■ Prompt
Don't include any picture when you restate the data word for word.

■ Material provided

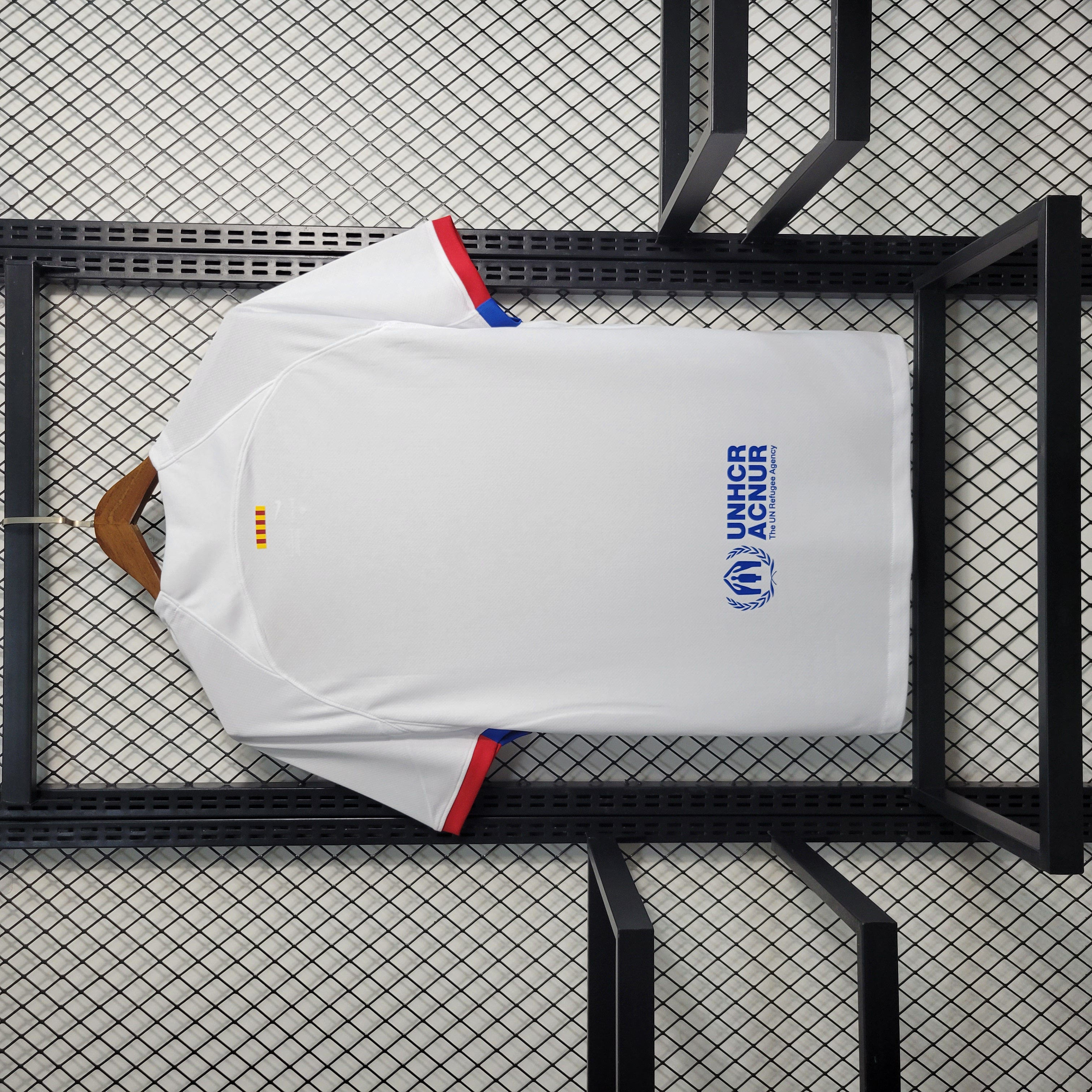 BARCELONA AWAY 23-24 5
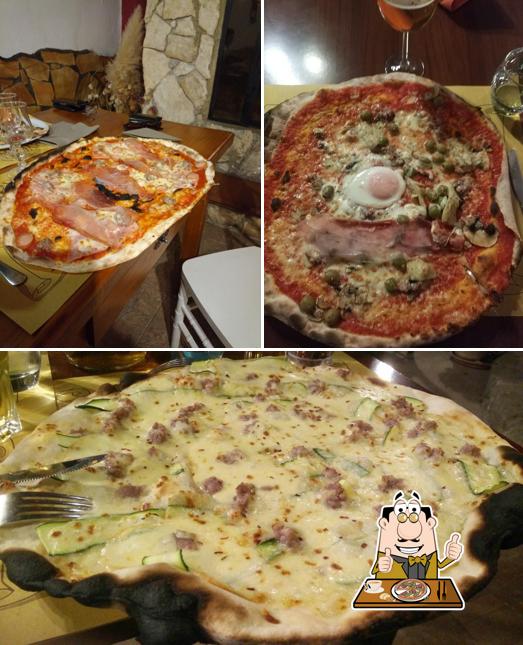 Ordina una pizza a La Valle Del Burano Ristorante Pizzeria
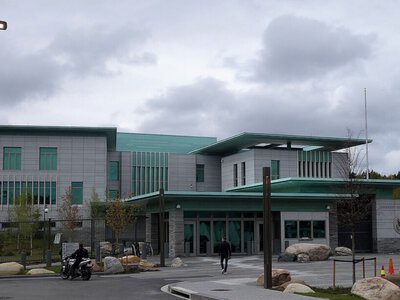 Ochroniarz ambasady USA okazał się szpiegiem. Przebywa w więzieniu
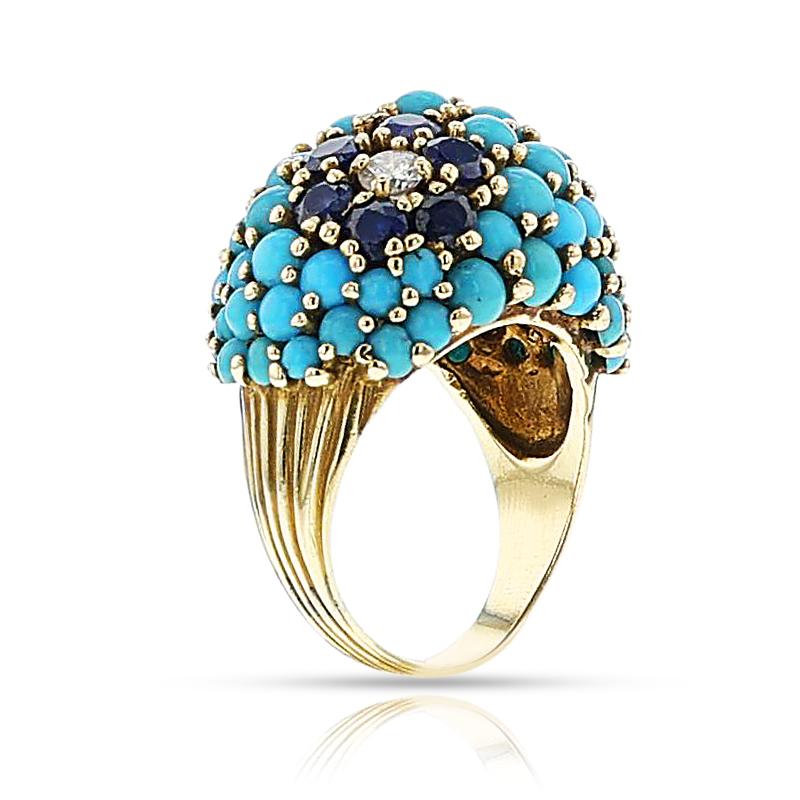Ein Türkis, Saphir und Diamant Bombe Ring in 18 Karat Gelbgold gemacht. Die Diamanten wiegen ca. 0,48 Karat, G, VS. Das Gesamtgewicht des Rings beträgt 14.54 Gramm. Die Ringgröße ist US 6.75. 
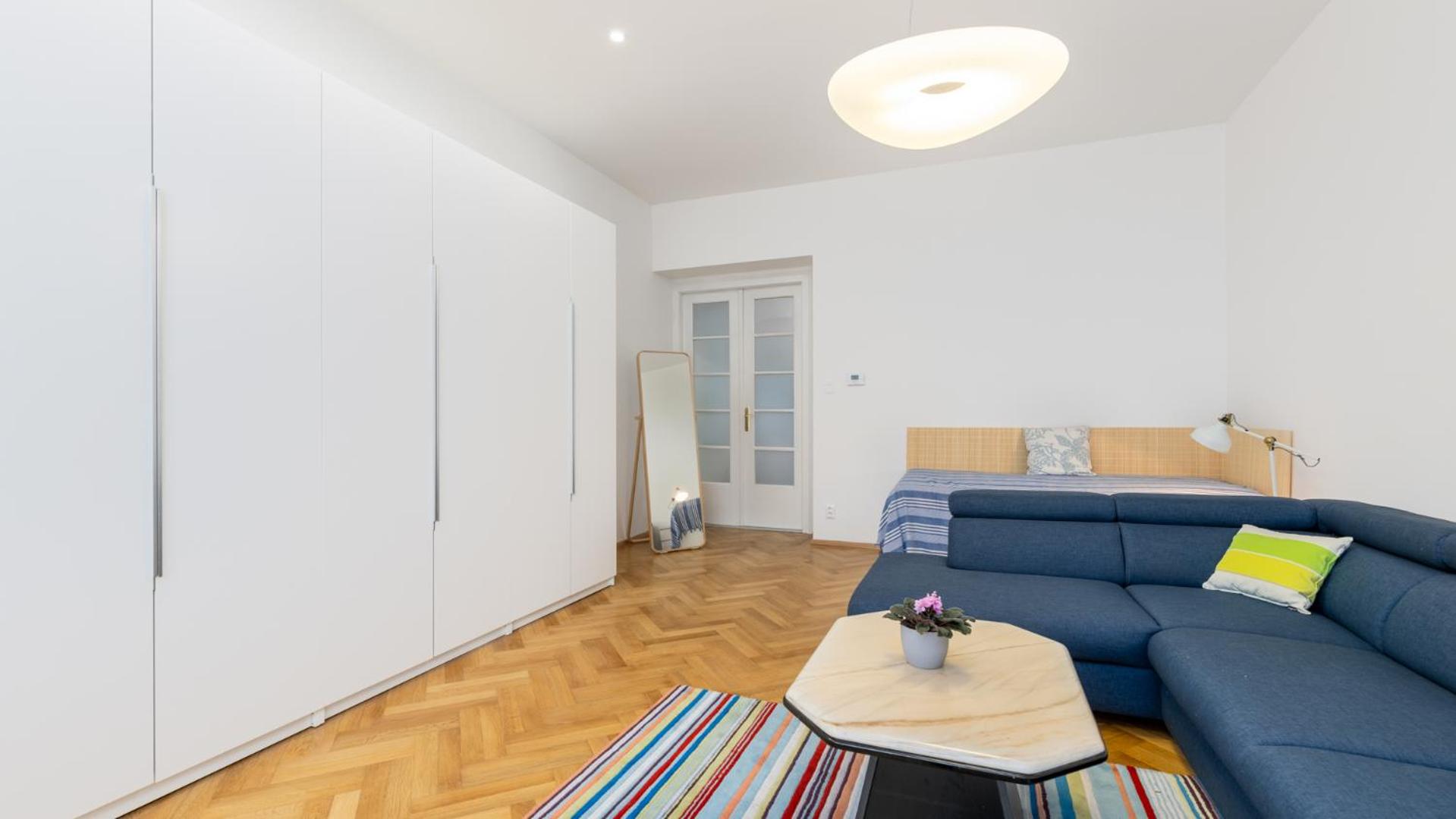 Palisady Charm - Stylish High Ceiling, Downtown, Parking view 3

■ Problem solution
 BARCELONA AWAY 23-24 5
 Ordina una pizza a La Valle Del Burano Ristorante Pizzeria
 Ochroniarz ambasady USA okazał się szpiegiem. Przebywa w więzieniu
Ein Türkis, Saphir und Diamant Bombe Ring in 18 Karat Gelbgold gemacht. Die Diamanten wiegen ca. 0,48 Karat, G, VS. Das Gesamtgewicht des Rings beträgt 14.54 Gramm. Die Ringgröße ist US 6.75. 
 Palisady Charm - Stylish High Ceiling, Downtown, Parking view 3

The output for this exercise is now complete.